In Zukunft ist es durchaus denkbar, dass Apps viele Daten des Patienten sammeln, die in unseren Smartphones ununterbrochen gespeichert werden. Anhand dieser Daten können eigenständige, sogenannte Gesundheitsroboter „Health Bots“ dem Patienten gezielte Empfehlungen für sein Verhalten geben oder ihm raten, wann er einen Arzt konsultieren sollte. Möglich ist aber auch der umgekehrte Weg: Genauso gut könnten wir über die Apps mit unseren Patienten kommunizieren und auf der Basis der gleichen zur Verfügung stehenden Daten sehr schnell entscheiden, welchen Patienten wir häufiger, welchen aber vielleicht weniger häufig sehen müssen.

Kann das vielleicht sogar die Diabetologie patientennäher, gezielter, einfacher und auch erfolgreicher machen? Ich denke, die Chance ist nie so gut gewesen, wie heute! Diabetes.de hat – wie andere Fachgesellschaften auch – eine Arbeitsgruppe eingerichtet, die sich der Bewertung von Apps stellt. Wir müssen es schaffen, einen Qualitätsstandard für digitale Produkte und Apps zu entwickeln, der es dem Patienten einfach macht, die richtigen Produkte auszuwählen. Noch läuft vieles unkoordiniert und einheitliche Bewertungsmaßstäbe fehlen.
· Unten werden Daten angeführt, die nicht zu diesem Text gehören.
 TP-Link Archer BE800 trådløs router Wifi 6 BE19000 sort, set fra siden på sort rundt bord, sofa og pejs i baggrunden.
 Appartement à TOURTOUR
Google und Facebook werden den vorgezeichneten Weg zweifellos weiter beschreiten, aber das eigentliche Gehirn, einen solchen Prozess klug zu gestalten, haben wir Mediziner. Wenn wir allerdings schweigen, überlassen wir das Feld den anderen. Und dieses Szenario sieht in meinen Augen nicht sonderlich gut aus. Lassen Sie uns also gemeinsam eine Diskussion über das Für und Wider von Qualitätsstandards und den sinnvollen Einsatz digitaler Produkten starten. Ich glaube, wir sollten all dies in ärztlicher Hand halten und die digitale medizinische Therapie keinesfalls allein den sozialen Netzwerken überlassen.
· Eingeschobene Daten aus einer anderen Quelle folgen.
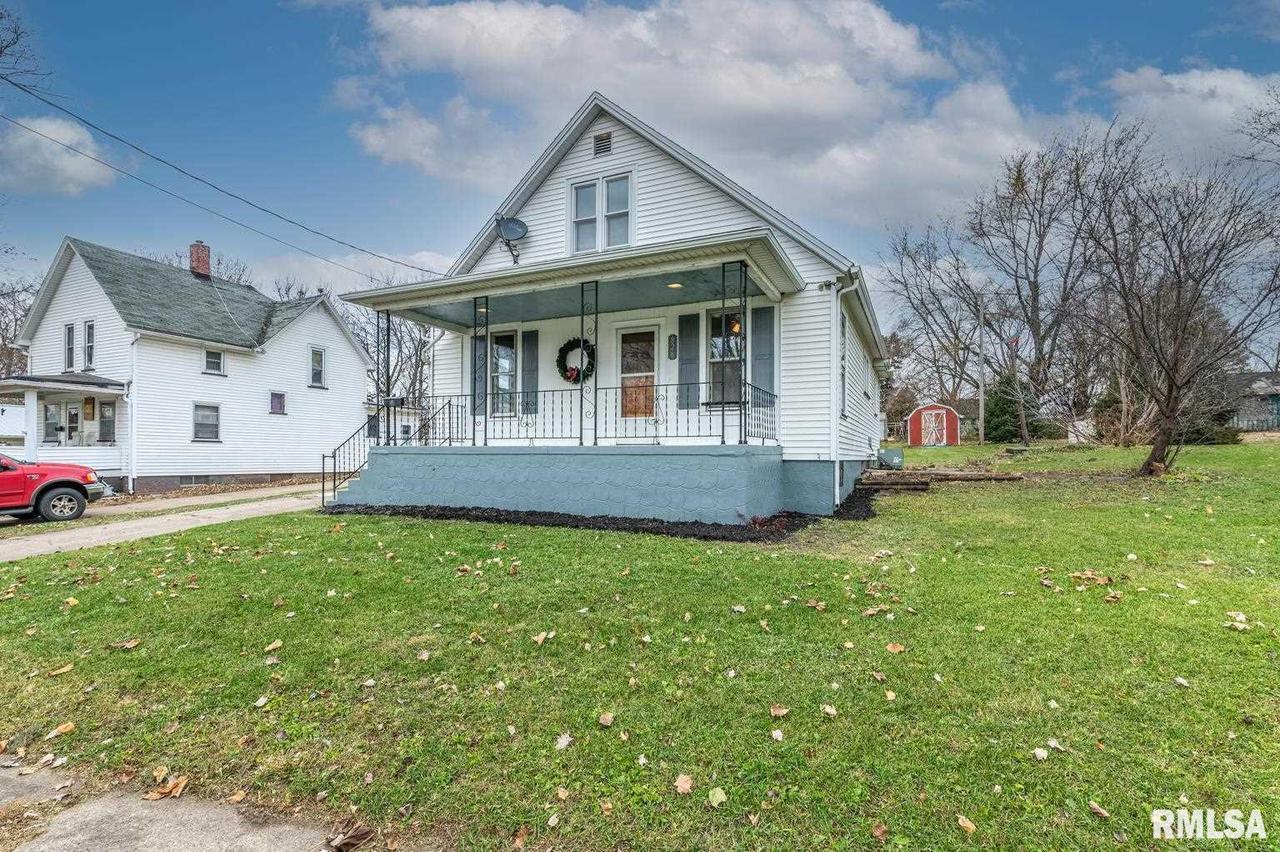 828 E 7th St., Kewanee, IL 61443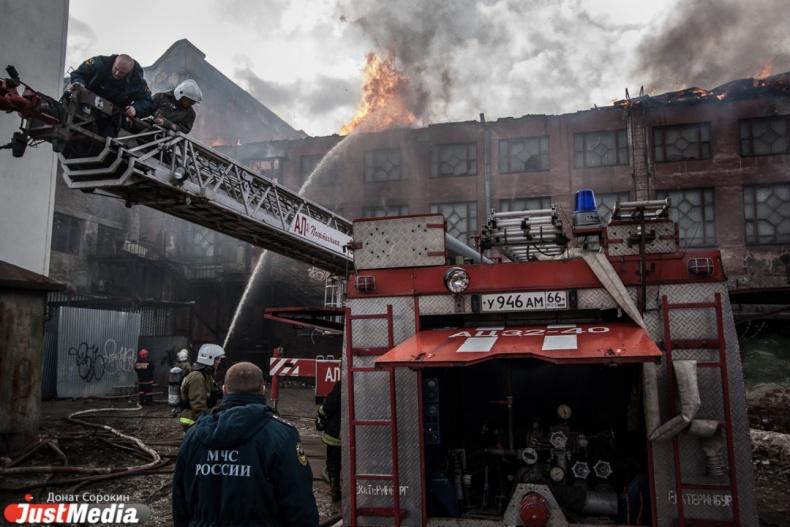 В переулке Базовом 15 машин тушили пожар на складе с пластиковыми изделиями и воском - Фото 1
Fragen Sie doch beim nächsten Mal nach, welche Apps Ihr Patient nutzt. Machen Sie sich ein eigenes Bild. Sie werden erstaunt sein, wie viele Patienten im Alltag Gesundheitsdaten speichern, diese auswerten und vieles, wovon wir in der Diabetologie in puncto Selbstmanagement in den letzten Dekaden geträumt haben, heute schon intuitiv leben!